Un piccolo sottogruppo di pazienti dei paesi mediterranei è stato identificato come portatore cronico di virus B mutanti che producono una malattia più severa.

Questi pazienti sono HBsAg e HBV-DNA positivi ma HBeAg negativi e anti-HBe positivi.

Chiaramente tutti i portatori cronici sono ad alto rischio di sviluppo di carcinoma epa-tocellulare e quelli con virus circolante costituiscono una potenziale fonte di trasmissione.

Epidemiologia dell’ Epatite B

Nel mondo, la prevalenza dell’epatite B varia moltissimo, da aree a bassa endemicità, dove meno dell’1% dei soggetti adulti è portatore cronico e meno del 10% ha evidenza di precedente infezione da HBV (USA, Canada, Europa occidentale), fino ad aree endemiche dove i portatori cronici adulti sono fra il 2% e il 15%. mentre il 30-100% dei soggetti presenta marker di pregressa infezione (Africa, Asia e Oceania).

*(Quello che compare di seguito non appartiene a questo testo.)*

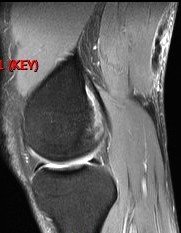 Figure 4 for case Semitendinosus tendon tear, retracted( RID2717 )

Oltre il 75% della popolazione mondiale vive in aree di media endemicità. Maynard e coll, hanno stimato che 1 300 000 dei circa 122 000 000 di bambini nati in queste regioni nel 1985 potrebbero morire per le sequele croniche di un’epatite B.

Infatti, il rischio di diventare portatore cronico e la severità della malattia sono direttamente correlati all’età della prima infezione. Ciò spiega l’elevato numero di portatori cronici nelle aree ad elevata endemicità: in tali aree, nella prima infanzia, la trasmissione della malattia avviene in genere per linea verticale, da madri infette, oppure orizzontalmente per contatto diretto con un portatore tramite ferite cutanee.

Nelle aree a bassa endemicità, la diffusione si verifica prevalentemente per via sessuale o parenterale c solo il 6-10% dei soggetti che si è infettato dopo i 6 anni di età diventa portatore cronico.

Sono esposti a rischio di infezione da HBV i gruppi di soggetti con alterazioni dello stato immunitario (inclusi i dializzati), i soggetti in terapia immuno-soppressiva. i tossicodipendenti, i politrasfusi (emofiliaci), il personale ospedaliero e i tecnici di laboratorio, i detenuti, i maschi omosessuali o eterosessuali che pratichino sessualità promiscua.

L’HBV è un virus altamente infettante e circa il 10% dei soggetti contrae l’infezione accidentalmente, per esempio con una puntura di ago infetto oppure ricevendo trasfusioni di sangue o plasma (parimenti infetto), nonostante i meticolosi controlli a cui sono sottoposti il sangue e i suoi derivati; presumibilmente, data l’elevata infettività, è sufficiente una minima quantità di virus, non evidenziabile con le indagini di laboratorio.

Circa il 50% dei pazienti con epatite acuta B non riferisce precedenti esposizioni e non fa parte di nessuno dei gruppi a rischio.

In questi casi le modalità di trasmissione sono ignote, anche se è possibile il coinvolgimento di un carrier sconosciuto.

La trasmissione per via orale è estremamente rara e molti studi non hanno dimostrato la trasmissione attraverso endoscopi o cibi infetti.

Il virus, benché presente nelle lacrime, nelle secrezioni vaginali, nel liquido seminale, nel latte mammario, nel sudore e nelle urine, non è stato ritrovato nelle feci e viene distrutto dall’acidità gastrica e dagli enzimi pancreatici.

Una via di accesso per il virus potrebbe essere rappresentata da piccole lesioni nella mucosa buccale, soprattutto a livello delle gengive.

Una frequente via di trasmissione per gli operatori sanitari è rappresentata da schizzi di sangue o secrezioni nella mucosa oculare o attraverso piccole ferite cutanee.

Sintomi e quadro clinico

La clinica dell’ Epatite B è sovrapponibile a quella dell’Epatite A, a cui si rimanda e da cui si differenzia solamente per la maggiore frequenza di cronicizzazione.